**** Source material

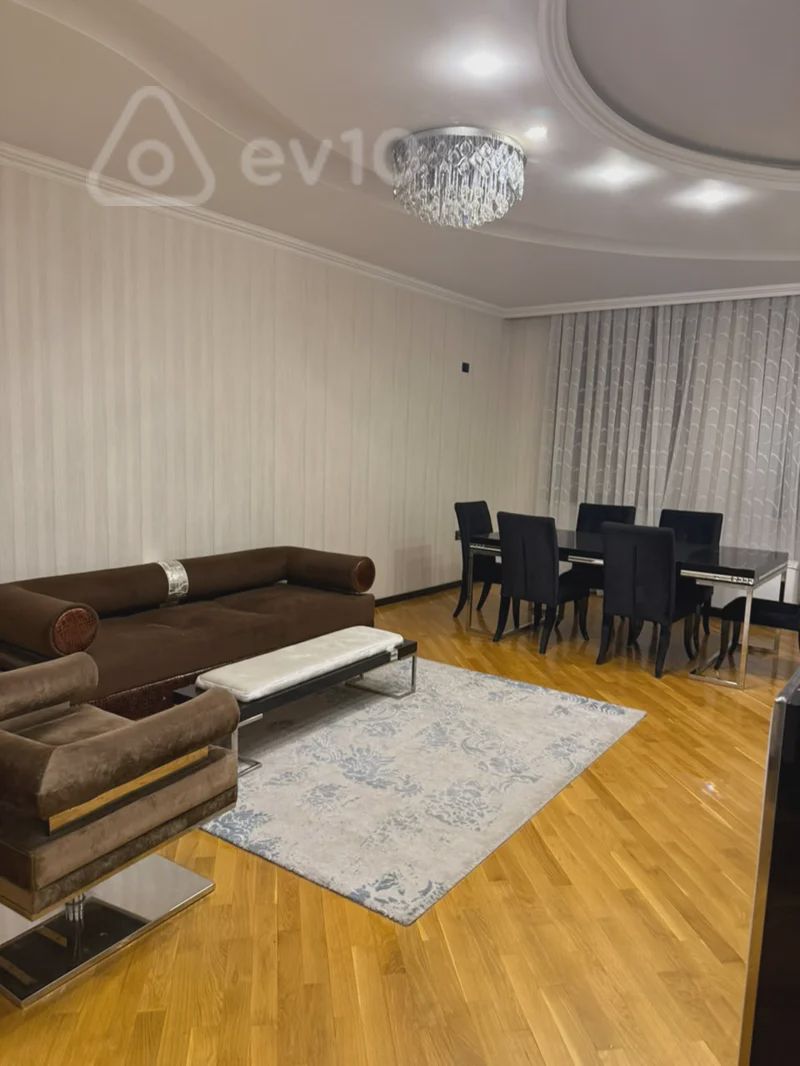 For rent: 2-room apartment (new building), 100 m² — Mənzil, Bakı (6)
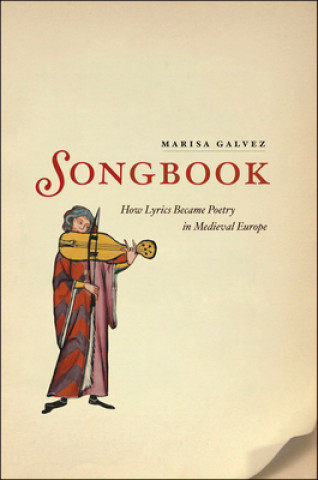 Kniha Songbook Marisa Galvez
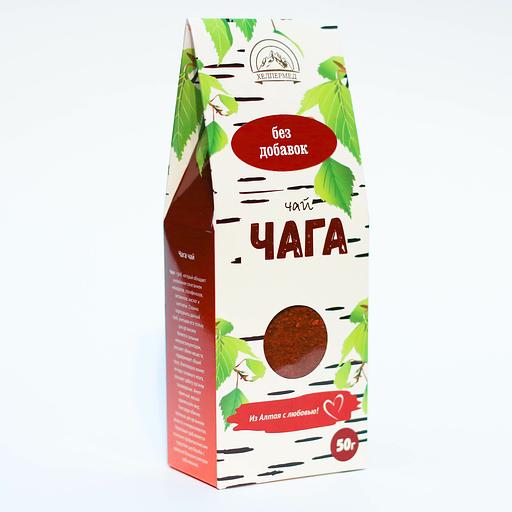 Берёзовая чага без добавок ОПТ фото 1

********

* _What is required_: Once the pictures are set aside, restate the remaining data above exactly.

* _Response below_:
 For rent: 2-room apartment (new building), 100 m² — Mənzil, Bakı (6)
 Kniha Songbook Marisa Galvez
 Берёзовая чага без добавок ОПТ фото 1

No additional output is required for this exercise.